You can’t change your net worth overnight. But you can change your savings rate today — and that’s exactly why your savings rate matters more than your returns. You can’t rebuild a relationship instantly. But you can start calling weekly. You can’t develop expertise in a month. But you can read one hour daily.
Flows are the lever. Flows compound into stocks.
This is why routine matters. Rhythm matters. The small decisions that repeat matter more than the big one-time decisions.
A person who saves $500/month for 20 years accumulates more than a person who saves $5,000 one time. The flow matters more than the single transaction.
A person who exercises 4x per week compounds into a completely different physical reality than someone who does an intense program once and quits. The rhythm matters.
Finding Your Leverage Points
In any system, some levers move more than others.
Donella Meadows, a systems thinker, ranked leverage points from weakest to strongest:
At the bottom: changing information. (Telling people to save more doesn’t work.) Higher: changing incentives. (Paying people for savings works better.) Higher still: changing the rules of the system. (Making savings automatic works even better.) Near the top: changing feedback loops themselves. (Redesigning which feedback you see.) At the top: changing the goals of the system. (Redefining what success means.)
Most people try to win at the bottom—through willpower and information. They read a book, feel motivated, and wonder why they can’t stick with it.
The book gave them information, which is almost useless.
Real change happens at higher leverage points:
Changing your environment (rules of the system)
- Can’t eat well? Make it hard to eat poorly. Don’t keep junk food in the house. Your system will adapt.
- Can’t save? Make it automatic. Route savings to a separate account before you see the money.
- Can’t focus? Remove the phone. Make distraction difficult.
Changing what you measure (feedback loops)
- What you measure, you manage. If you measure calories, you lose weight. If you measure daily mood, you notice patterns.
- Most people don’t measure anything. They guess. Start tracking what matters to you, and systems adjust.
Changing what you’re actually optimizing for (goals)
- If your goal is “be rich,” you’ll make destructive choices.
- If your goal is “be capable, secure, and happy,” you’ll make aligned choices.
- The goal shapes the system.
This is why this post started with physical systems. It’s a leverage point. When you stabilize sleep and movement, it cascades into nearly everything else. It’s not the only lever, but it moves more things than most.
A Framework for Seeing Your System
Ask yourself these questions:
What feedback loops are currently reinforcing in my life? (Both positive ones you want to maintain and destructive ones you want to break.)
What second-order consequences am I ignoring? (What seems good at first but breaks down when you zoom out?)
What flows am I optimizing? (Daily/weekly habits that compound.)
What stocks am I building? (What am I accumulating?)
Where’s my leverage point? (Which single change would cascade through multiple systems?)
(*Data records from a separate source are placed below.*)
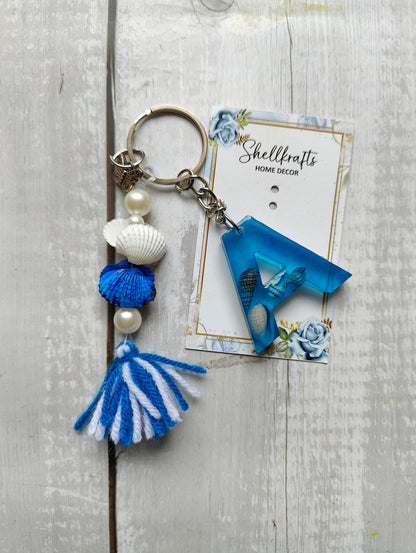 Ocean-Themed Resin Alphabet Keychain with Shell Beads & Tassel - Shellkrafts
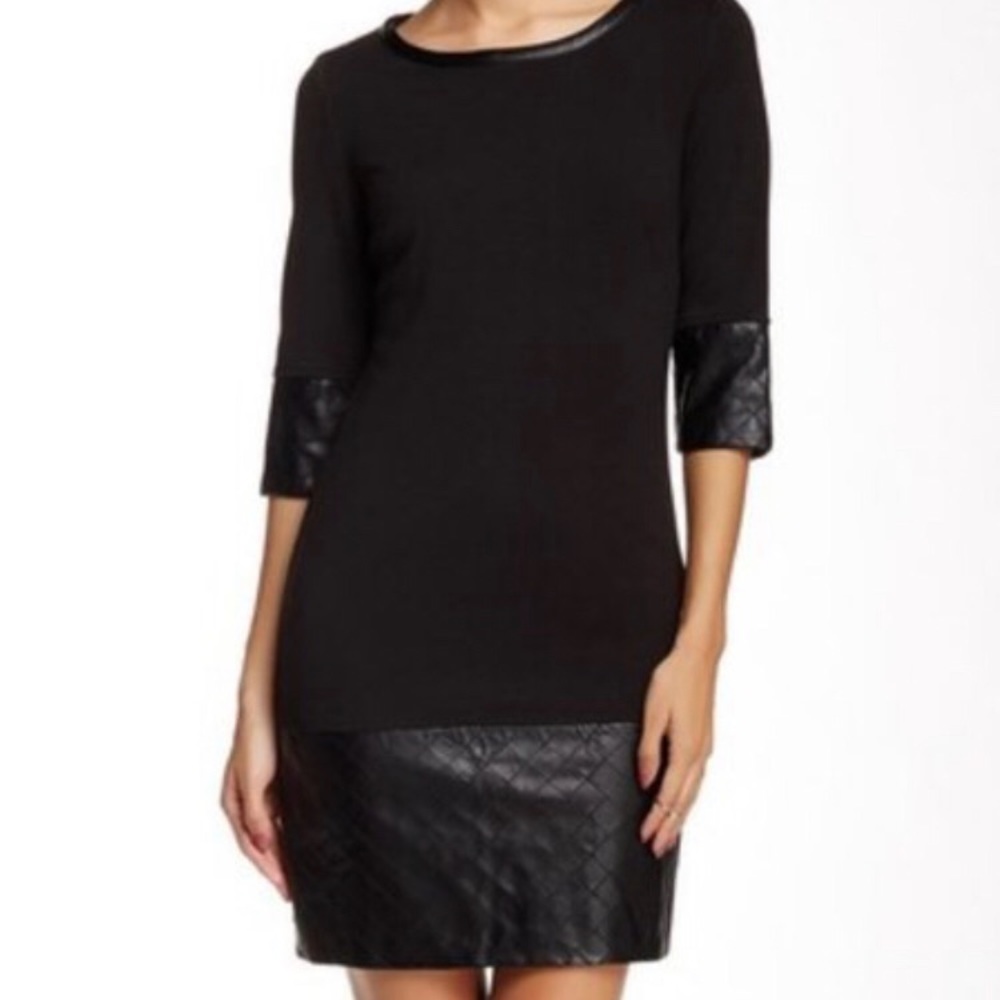 Laundry By Shelli Segal Black Shift Dress Faux Leather Trim Accents Sz 6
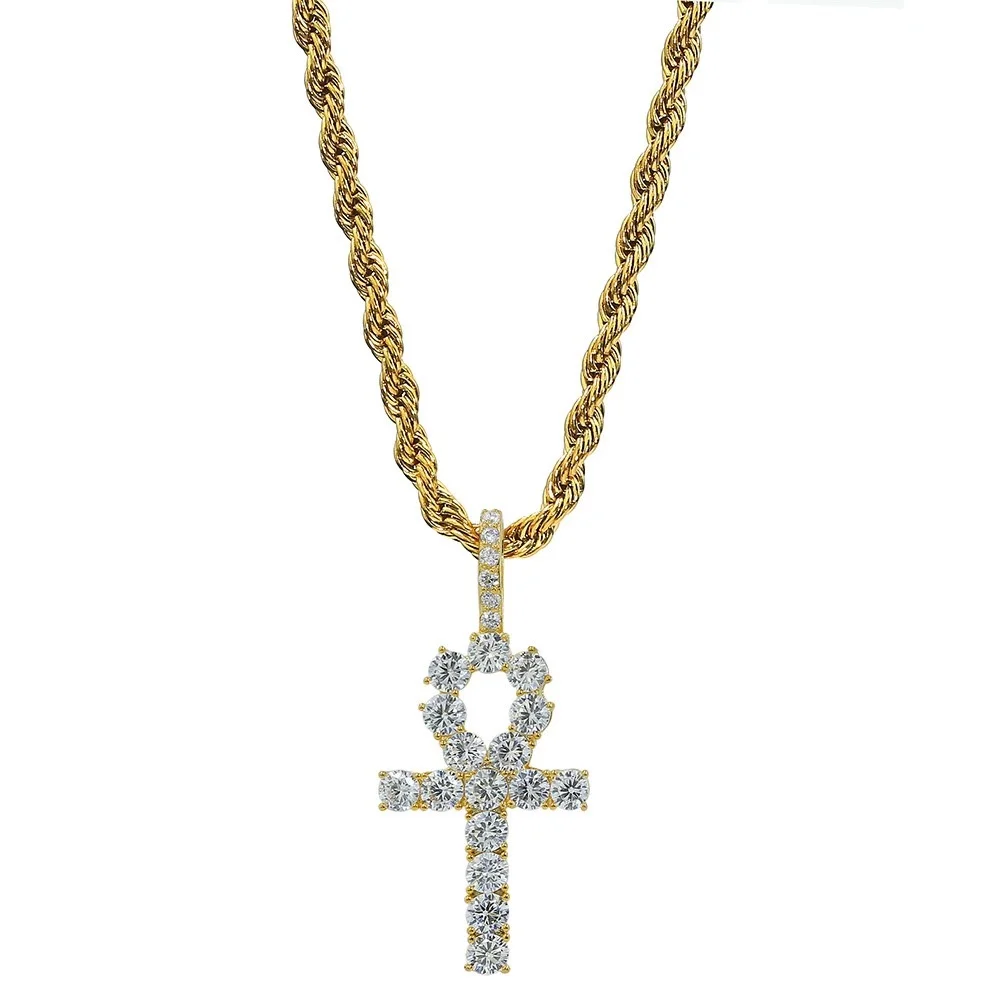 

micro pave cz iced out ankh pendant necklace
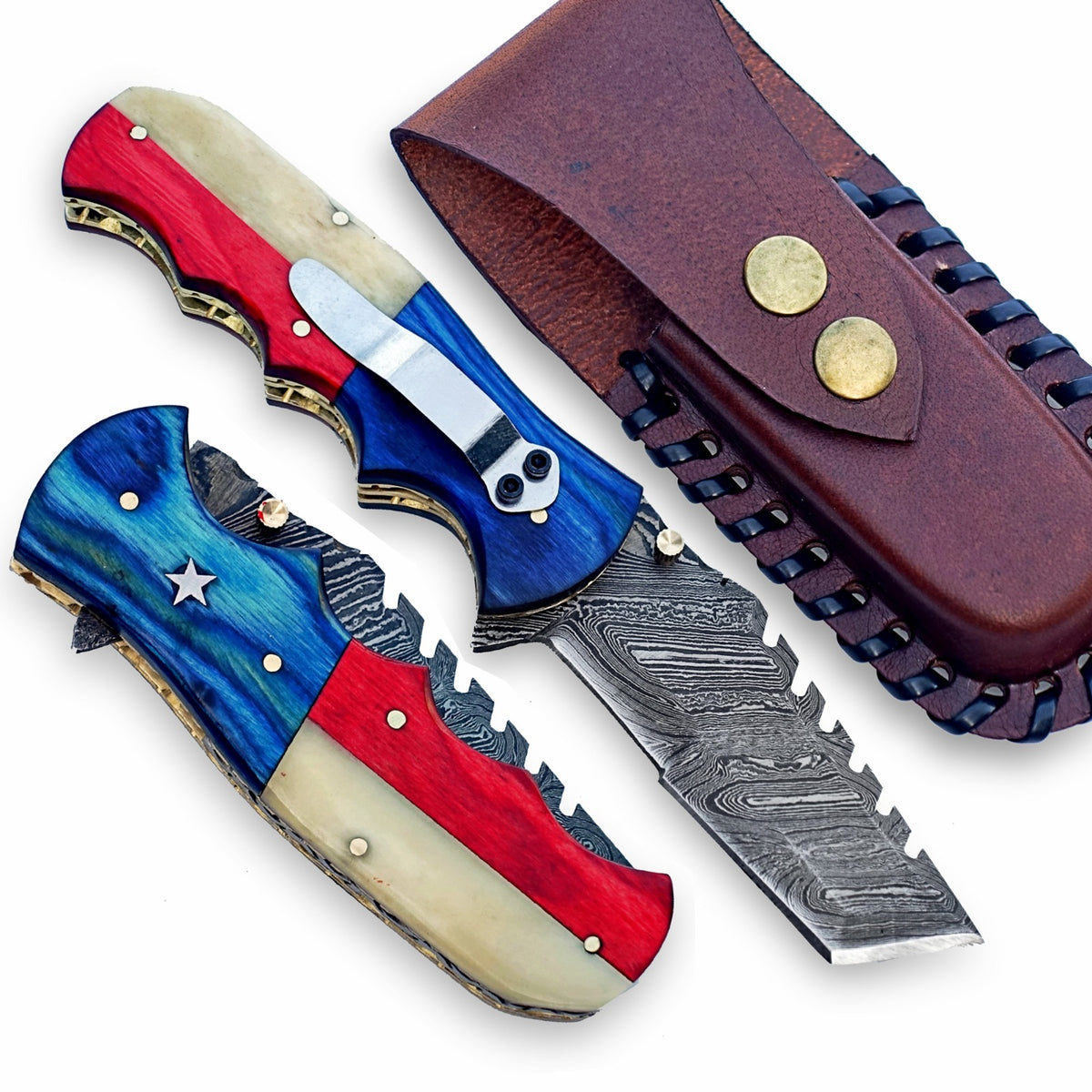 The Lone Star Utility Folding Knife - Damascus Steel
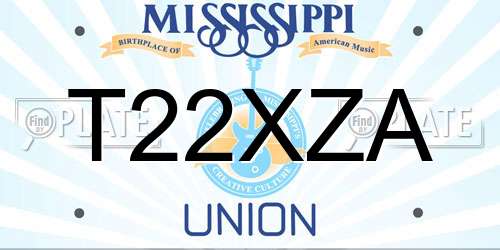 T22XZA Mississippi License Plate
Most people can answer these questions if they stop and think. They’re not hidden. You just have to look.
Why This Matters
You’ve probably noticed that some people seem to have it together. They’re not necessarily smarter. They’re not necessarily richer. They’re not lucky.
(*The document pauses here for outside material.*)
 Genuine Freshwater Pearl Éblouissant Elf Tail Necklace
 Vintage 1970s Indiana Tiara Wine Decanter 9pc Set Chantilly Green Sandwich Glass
They just see their life as a system. They notice feedback loops. They think about second-order consequences. They optimize for flows, not one-time wins. They find their leverage points.
And most importantly: they treat their life like something they can architect, not something that happens to them.
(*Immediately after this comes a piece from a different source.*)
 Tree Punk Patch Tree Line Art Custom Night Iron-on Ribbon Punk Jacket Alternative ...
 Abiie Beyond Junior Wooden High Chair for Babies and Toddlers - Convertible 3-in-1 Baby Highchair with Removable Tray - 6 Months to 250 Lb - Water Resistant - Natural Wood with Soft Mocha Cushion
You are not trapped by your circumstances. You are constrained by the systems you’ve built (or inherited). And systems can be redesigned.
It starts with seeing the connections instead of isolated events.
If your system feels fragile — if one failure would cascade into everything — you may be dealing with tight coupling, and there’s a specific way to fix it.
What system in your life needs redesigning? What loop is pulling you backward? What lever could you move?
Start there. Everything else cascades.